Donald Trump is seeking a four-week delay to a civil trial over his alleged rape of New York author E. Jean Carroll, citing a “deluge” of publicity from his recent unrelated criminal indictment.
A “cooling off” period is necessary for Trump to get a fair trial following his “unprecedented indictment and arraignment,” his lawyer Joseph Tacopina said in a letter late Tuesday to the judge overseeing Carroll’s case. The five- to seven-day trial is set to start April 25 in federal court in Manhattan.
“Holding the trial of this case a mere three weeks after these historic events will guarantee that many, if not most, prospective jurors will have the criminal allegations top of mind,” Tacopina said.
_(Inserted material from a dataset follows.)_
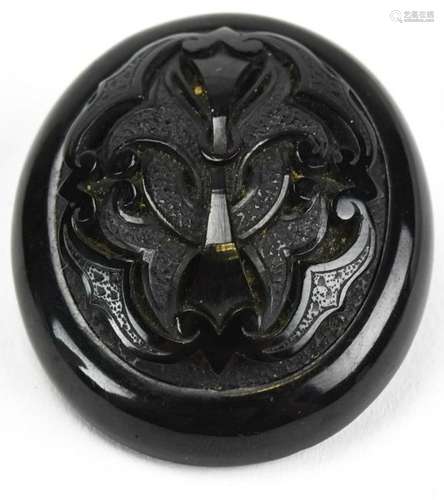 Antique 19th C Whitby Jet Carved Brooch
Trump pleaded not guilty on April 4 in New York state court to 34 felony counts of falsifying documents in connection with hush payments to porn star Stormy Daniels and a Playboy model over sexual encounters they say they had with him, which he denies.
Jurors in the Carroll case will still have the alleged encounters “ringing in their ears” if the trial goes ahead as planned, Tacopina said.
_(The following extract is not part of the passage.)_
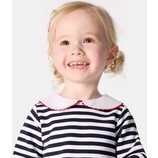Baby Girl Long Sleeve Dress, White & Navy Stripes - Dresses - 4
Trump has denied wrongdoing in both the criminal and civil cases and said they are part of a broader political effort to take him down.
Carroll’s lawyer Roberta Kaplan declined to comment on the letter.
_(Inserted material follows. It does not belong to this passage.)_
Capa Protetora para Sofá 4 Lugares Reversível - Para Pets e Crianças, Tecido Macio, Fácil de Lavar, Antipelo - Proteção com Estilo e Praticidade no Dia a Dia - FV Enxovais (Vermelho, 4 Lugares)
Carroll, a former advice columnist with Elle magazine, went public in 2019 with her claim that Trump raped her in a dressing room in the Bergdorf Goodman department store in Manhattan more than two decades ago. The suit going to trial was filed last year under a new New York law that temporarily lifts the statute of limitations for sexual assault claims even if they’re decades old.
Carroll’s earlier suit against Trump — a defamation complaint filed in 2019 after he called her a liar from the White House — is currently stalled on appeal. Trump is seeking to have that case tossed out, citing protections he says he had as an employee of the federal government at the time she sued.